Small businesses often have partners or a small number of shareholders who each control a piece of the company. In these cases, situations often arise when one partner wishes to leave and sell his/her share to the other partners or shareholders. Most people do not have the liquid assets readily available to buy someone out in an unexpected circumstance. That is what the dental buy-sell agreement is for, according to the American Institute of CPAs. A buy-sell agreement is a legal document that identifies the current value of the dental practice and takes note of the partners’ or shareholders’ plans to buy one or more of the others’ share of the business. Although participants in the buy-sell agreement may choose to use savings or a bank loan to make good on the agreement, most people prefer to use disability or life insurance to cover the payment.
Why Get a Buy-Sell Agreement?
Any business that has shareholders or partners should have a plan in place in the event that one of the parties is disabled or dies unexpectedly. To leave this task uncompleted puts the other partners at risk.
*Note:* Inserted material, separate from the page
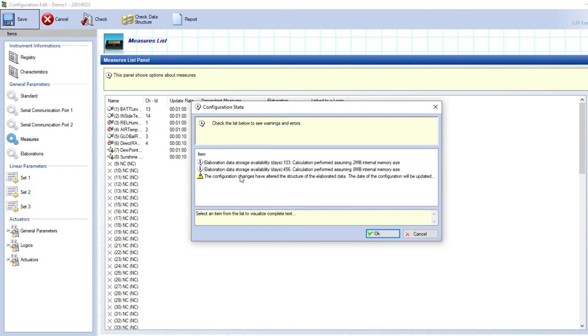Here is the warning messages list, where you can find some tips about the produced configuration, and where you can read about the memory duration using the settled sensors list and elaboration time base.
If either you or your partner dies in an accident without a buy-sell agreement in place, the entire business may be cast into chaos. In most cases, your share of the business will be passed onto your spouse of other family member. Without a buy-sell agreement, your partners may not be able to buy out your family’s share of the business, which could create an unfortunate financial stalemate.
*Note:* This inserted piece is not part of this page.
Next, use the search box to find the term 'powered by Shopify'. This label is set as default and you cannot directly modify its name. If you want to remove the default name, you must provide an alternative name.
Types of Buy-Sell Agreements
There are three basic types of dental buy-sell agreements, commonly titled:
With cross-purchase agreements, each owner takes out an insurance policy on the other owners and pay the premiums for each policy individually. This may become complicated if there are several co-owners or shareholders. Entity-purchase agreements are similar, but they are purchased and maintained by the business for each partner. In this case, the company owners determine if they would rather have a term life policy in case of accidental death, or a universal life policy, which is more appropriately used to buy out a retiring owner. The policy is created to cover the value of that person’s share of the business. Hybrid agreements offer some combination of cross-purchase and entity-purchase agreements. If the co-owners cannot determine which approach is better, they may choose to do both in smaller quantities.
Determining the Price of the Buy-Sell Agreement
Before you can design and sign your buy-sell agreement, you must figure out the value of your dental practice as a whole. Since most dental practices are not publicly held, you will determine this value based on the assets of the business. These assets include the value of any owned property, equipment, accounts receivable, as well as an estimation of the earnings history and future earnings of the business with the new owner. The value is best assessed by a professional appraiser. You must also remain current with payments on any policies, and adjust the value of those policies to keep up with the value of each person’s share of the company.
When you consider what you need to do to protect your interests in your business, a buy-sell agreement seems like the best decision you could make. With a buy-sell agreement, you provide funds to keep your business going, even when a partner or shareholder leaves the business unexpectedly.